All told, Pennsylvania's General Assembly, the largest full-time legislature in the nation, will be in session for roughly two months, or 60 working days, this year - about the same number of voting days as Maryland's part-time legislature's regular session.
The legislative calendar, a two-year cycle of long holiday breaks punctuated by short bill-passing sprints, has been the source of debate for decades.
Legislative leaders contend they engage in important business - constituent services, bill drafting, and hearings - when they are not in the Capitol.
But critics say the fits-and-starts calendar does not lend itself to good lawmaking and argue it's time Pennsylvania returned to a part-time lawmaking body like most other states. As a part-time body, the legislature would meet in one compressed session and its members would have the rest of the year to hold other jobs.
"It worked for three centuries," said State Rep. Bryan Cutler (R., Lancaster), lead sponsor of a bill that would reinstitute by constitutional amendment the legislature's part-time status, which it had before 1968.
"The core question is: What is the function of the legislature?" Cutler said in an interview. "I think we should concentrate on core duties: passing a budget and passing laws."
Most states have what the National Conference of State Legislatures calls "hybrid" governing bodies, in which lawmakers work as much as 70 percent of the year on official business but also hold other jobs.
The Delaware and Maryland legislatures meet for single six-month and three-month sessions respectively, beginning in January each year. In both states, special sessions can be convened to tackle specific issues later in the year.
New Jersey lawmakers meet throughout the year in what is considered "near-full-time" status. Last year, the Senate held 39 session days and the Assembly held 30.
"You can make a compelling case given the scheduling of legislative session days that Pennsylvania could be a part-time legislature," said G. Terry Madonna, a political analyst at Franklin and Marshall College. "The current system inherently creates inefficiency. There's no continuity, and the hours spent legislating were not much different than when they were part time."
The General Assembly shifted to full-time operation four decades ago, following recommendations made by a legislative "modernization" commission led by author James Michener.
The commission concluded that a full-time body would help balance the branches of power - an argument still made today - and lessen the power of lobbyists if there was a professional staff to draft bills.
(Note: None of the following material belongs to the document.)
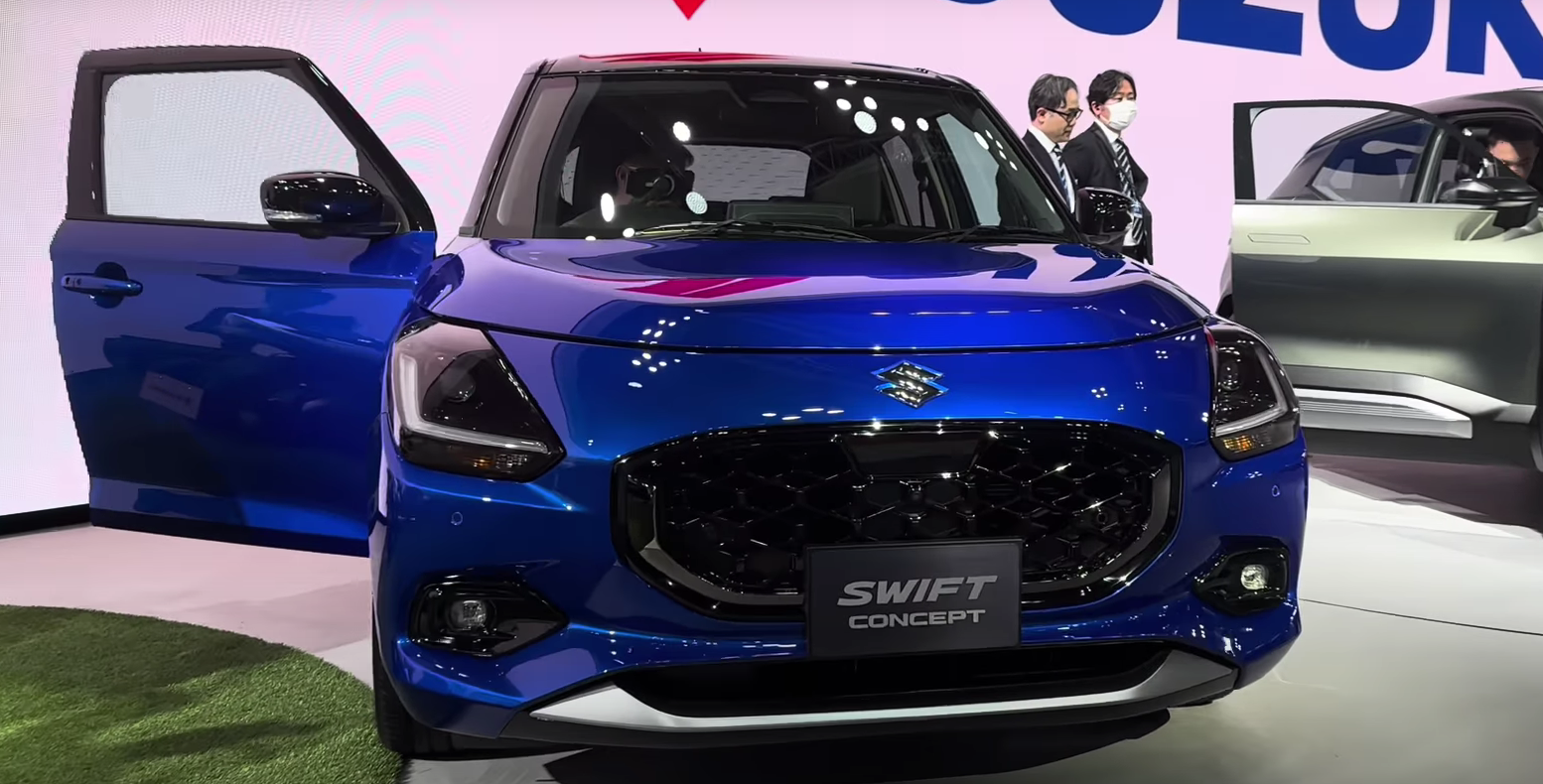 New Gen Maruti Swift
That balance-of-powers argument is made by the House leadership today as a reason to maintain the status quo.
"Three branches are co-equal - if you take the powers of one away, it shifts," said Steve Miskin, spokesman for House Majority Leader Mike Turzai (R., Allegheny). "Legislative oversight is right and proper. It's a check and balance."
"That is common, for a full-time legislature to take significant breaks," said Brenda Erickson, senior research analyst with the National Conference of State Legislature. "It doesn't mean no work being done."
Rank-and-file members of the Pennsylvania legislature, who make a base salary of $81,000, have no set hours or number of work days.
"They work 24/7, whether in church or synagogue, mowing their lawns," Miskin said. "Working in the chambers is just part of the job."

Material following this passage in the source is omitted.